Directions: Repeat the entries below exactly and in full.

<<<<

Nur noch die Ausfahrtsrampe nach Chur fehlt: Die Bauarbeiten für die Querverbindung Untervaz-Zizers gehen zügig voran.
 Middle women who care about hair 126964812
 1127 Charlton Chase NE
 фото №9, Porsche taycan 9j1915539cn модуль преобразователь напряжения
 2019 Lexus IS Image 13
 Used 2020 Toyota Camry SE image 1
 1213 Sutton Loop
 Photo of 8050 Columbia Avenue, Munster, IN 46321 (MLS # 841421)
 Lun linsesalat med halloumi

>>>>

Answer space:
Nur noch die Ausfahrtsrampe nach Chur fehlt: Die Bauarbeiten für die Querverbindung Untervaz-Zizers gehen zügig voran.
 Middle women who care about hair 126964812
 1127 Charlton Chase NE
 фото №9, Porsche taycan 9j1915539cn модуль преобразователь напряжения
 2019 Lexus IS Image 13
 Used 2020 Toyota Camry SE image 1
 1213 Sutton Loop
 Photo of 8050 Columbia Avenue, Munster, IN 46321 (MLS # 841421)
 Lun linsesalat med halloumi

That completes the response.